It has emerged that former President Mwai Kibaki was part of the problem during the push for the second liberation, against former President Daniel Moi's regime.
Moi's leadership was accused of plunging the nation into a single-party system, which a number of politicians attempted to fight against for years, before an ultimate win.
Koigi Wa Wamwere, one of the fighters, now says that Kibaki, though he later became president, was a single-party sympathizer, who had close links with the Nyayo regime.
This, however, passed the eye of many Kenyans, who considered him different, given that he is the one who crushed Moi's leadership and managed to uproot KANU in 2002.
Koigi says that previously, he even mocked people trying to criticize the government, at some point likening them to madmen trying to achieve the unachievable.

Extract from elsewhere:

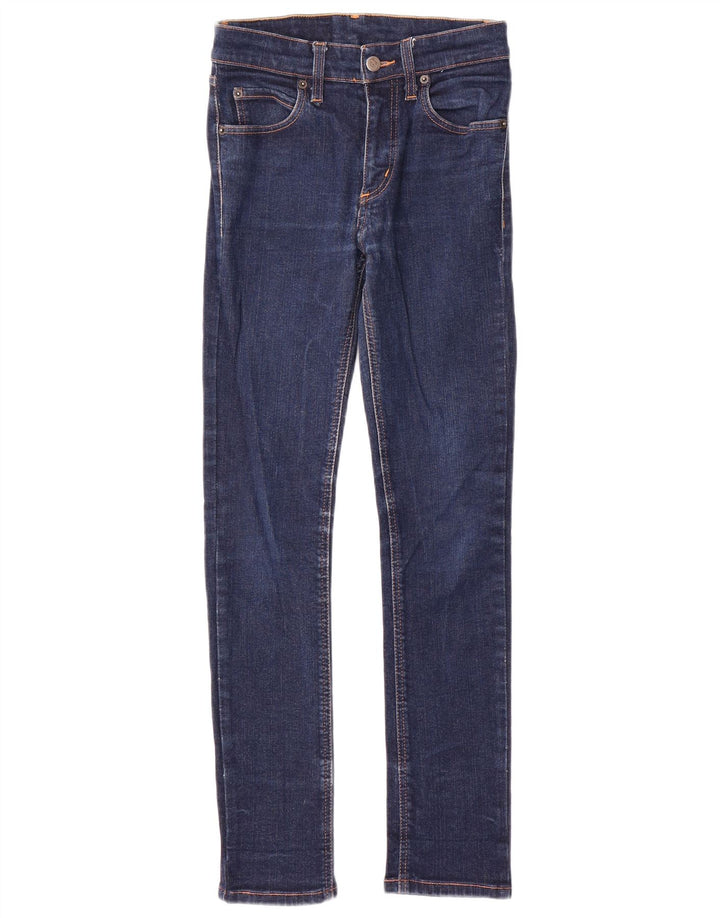 BILLIG MANDAG Dame Skinny Jeans W29 L29 Marineblå Bomuld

"Kibaki was not a democracy fighter, he was fighting democracy. I remember he once said that those fighting KANU are market madmen trying to cut down a fig tree using a razor (Kibaki hakuwa mpiganiaji wa demokrasia, alikuwa anapinga demokrasia. Nakumbuka wakati mmoja akisema anayetaka kupinga KANU ni mwendawazimu wa soko anayetaka kukata mti wa mugumo kwa wembe)," he said on Monday.
Wamwere, a former Subukia Member of Parliament, was speaking on Radio Sauti Ya Mwananchi.
Therefore, he noted, Kibaki only managed to survive the elections because Kenyans had some faith in him, in a poll where he won with a wide margin, beating President Uhuru Kenyatta.
"He was elected because Kenyans had faith in him (Alichaguliwa kwa sababu wakenya walikuwa na amani nayeye)," he added.
In the poll, the retiring Moi threw his weight behind the then youthful Uhuru, after Koigi and other second liberation fighters had successfully enbaled for the formation of many parties.